Agriculture and nutrition open data, especially its role in supporting progress towards the achievement of SDG2, formed the central theme of this year’s GODAN Summit in New York city. It was a rich experience bringing together like-minded individuals and organisations working towards improving agriculture to end hunger and extreme poverty around the world. It was a multistakeholder gathering that also included public sector actors who are not based in their agriculture ministries.
A very encouraging sign as we believe anything short of a whole-of-government effort to transform agriculture won’t do. There were 3 key points that I felt signal the importance of bringing a whole-of-government approach to agricultural transformation in Africa.
1. There’s A Data Divide
Beware of the data divide – the asymmetry of capacity to analyse and gain financial benefit from open data.
Dr Trevor Nicholls, CEO, CABI
We need to be cognisant of the drivers for agricultural transformation, especially in contemporary Africa, and the efforts countries should be making to enhance their impact. Seven areas come to mind whose data once opened could be catalytic across government and across sectors. The kind of attention we need to pay to these areas is first and foremost about their strengthening and the availability of data for those working towards their improvement. These areas are;
- Inclusive policy formulation, implementation and review processes
- Affordable and accessible financial services;
- Secure access to land, seeds, fertiliser and extension services
- A conducive business environment
- Developing an education sector that can deliver the necessary human capital;
- Sufficient investment in research and development;
- Sufficiently resourced systems/frameworks for gathering, analysing and disseminating data and evidence on the sector’s transformation.
Availability of data is vital to these seven areas and of course opening up this data plays a big role in all driving progress. However, the role of open data will always be that of a supporting actor and it will never play the lead. With lots of open data on agriculture but insufficient investment, poor policy, low human capital, poor business environment, expensive credit etc there can be no meaningful progress. But if all those are in place and the data isn’t open our problems would take a very different shape.
Our narrative therefore needs to locate open data at the right place within our broader priorities related to transformation of agriculture in Africa. Open data on its own will be hampered by capacity and literacy asymmetries and farmers would therefore not realise any gains from it.
2. Share The Evidence
“We need to embrace a system where decision making in the sector is evidence-based and the evidence shared.”
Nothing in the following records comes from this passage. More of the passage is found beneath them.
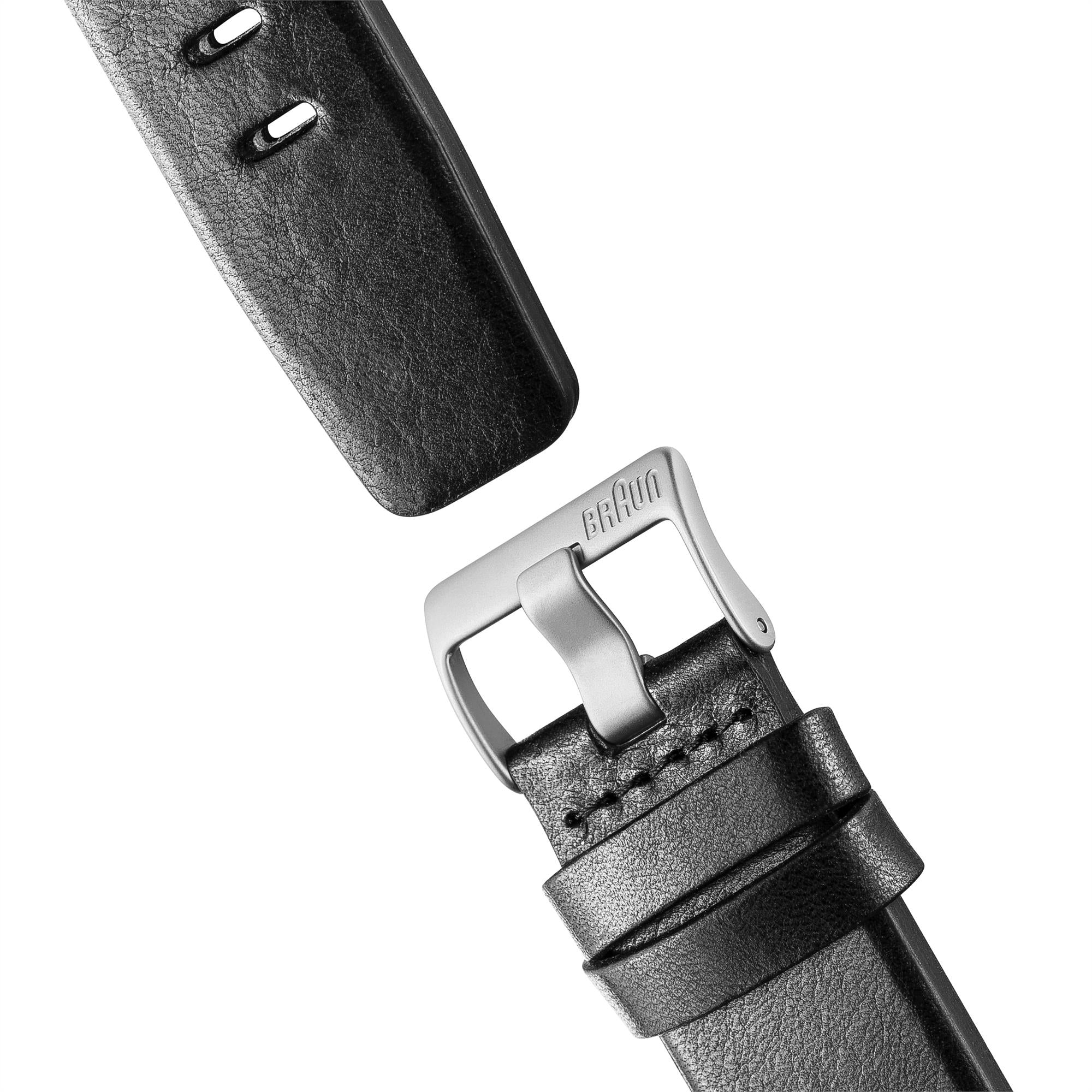 Braun Classic Quartz White Dial Black Leather Strap Ladies Watch BN0173WHBKL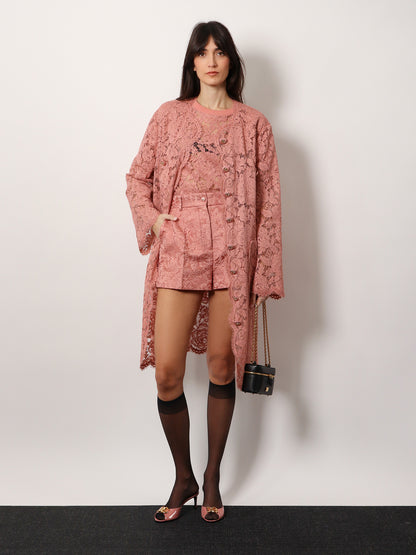 Maglia in pizzo floreale DG thumbnail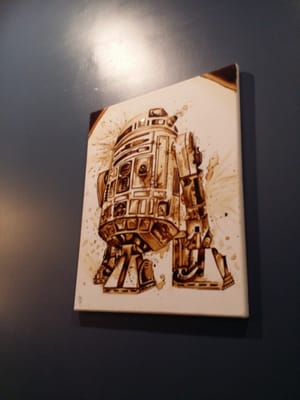 Painted with coffee! 
 Credits: Carla Cardona @itz230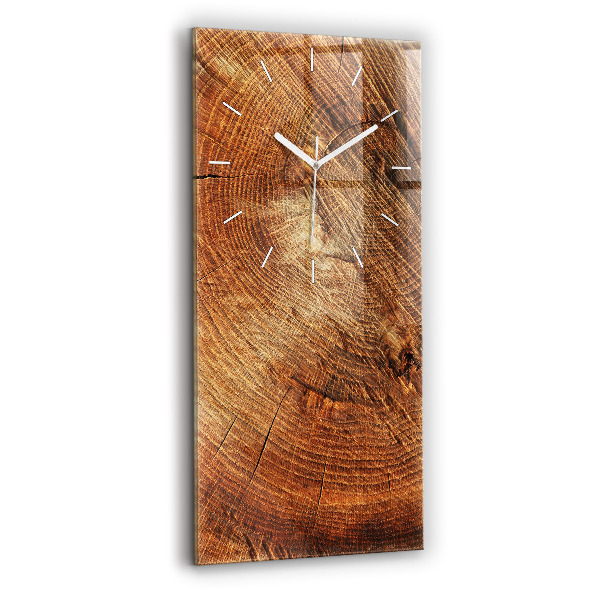 Ceas din sticlă dreptunghiular vertical decorativ Buturugă de copac veche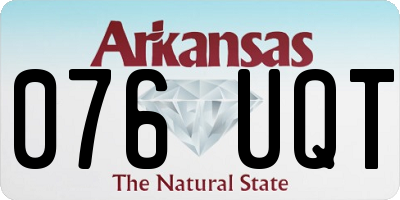 AR license plate 076UQT
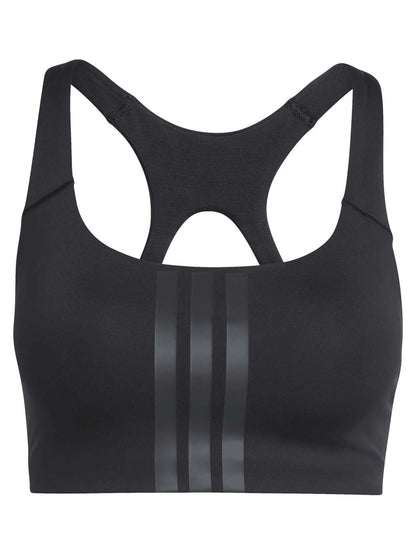 Adidas Optime Workout 3-Stripes, reggiseno sportivo da donna nero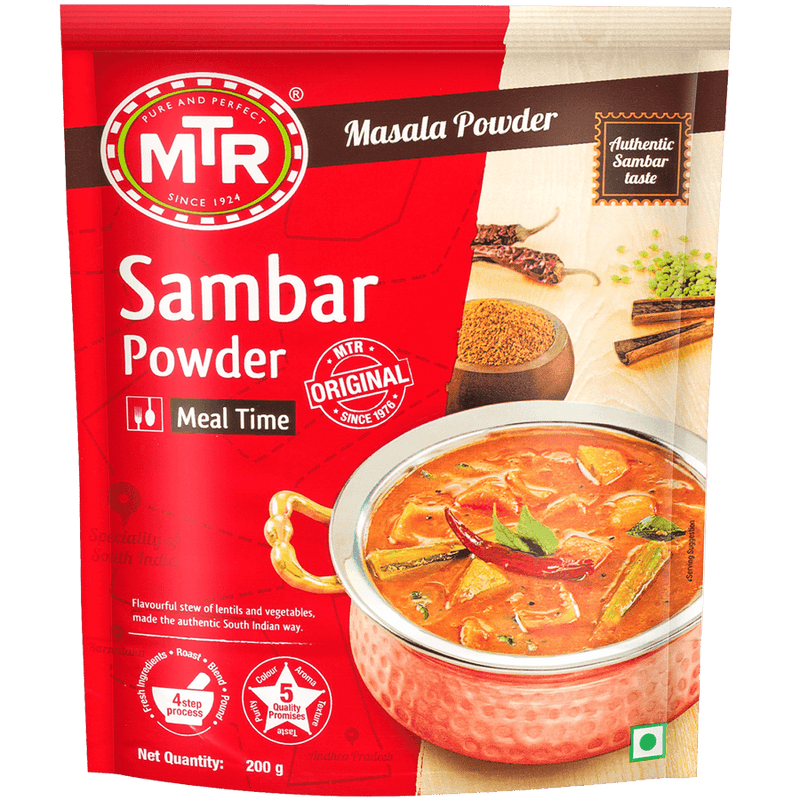 MTR - Sambhar Powder - (spice mix for sambhar)  - 200g - Jalpur Millers Online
Cabinet Secretary for Agriculture, Livestock & Fisheries in the Government of Kenya, Willy Bett
One of the reasons I found the GODAN Summit a rich experience is because of the pragmatism that accompanied the conversations on open data that have been the staple of those working on transparency and accountability over the last 5 years. The recognition that data for decision-making in the sector is key and that it should be opened is grounded in the pragmatic implementation of interventions to address challenges in the agriculture sector. In my view, the first part of that statement, “Decision making is evidence-based”, recognises the imperative for strong institutions capable of implementing the developmental agenda of the state whilst being grounded in evidence. The second part, “…and the evidence shared”, recognises the need to make it available to all stakeholders and deliberately address the challenges of the data divide through the right partnerships, investments and a conducive political environment. Embracing this approach is therefore not simply a matter of rhetoric but is a statement of action which Kenya’s agriculture ministry is making progress towards with explicit commitments e.g. the implementation of a National Agriculture Information System by December 2018.
3. Bring the Whole Government to Agriculture
Sierra Leone is using part of the universal service fund to build capacity for data use and collection among farmers
Minister of Information & Communications Government of Sierra Leone, Hon Mohamed Bangura;
Bringing a whole-of-government approach to the implementation of the agricultural transformation agenda is vital and in one way, Sierra Leone has demonstrated how that can play out. The Universal Service Fund tends to be under the Ministry of Information or the telecommunications regulator but the government of Sierra Leone is ensuring the capacity challenges related to the data divide in agriculture are addressed by leveraging the fund as a mechanism to support this. The Sierra Leonean government is therefore bringing to bear upon the data divide resources from the Universal Service Fund and demonstrating one way through which integrated thinking on agricultural transformation can deliver real value.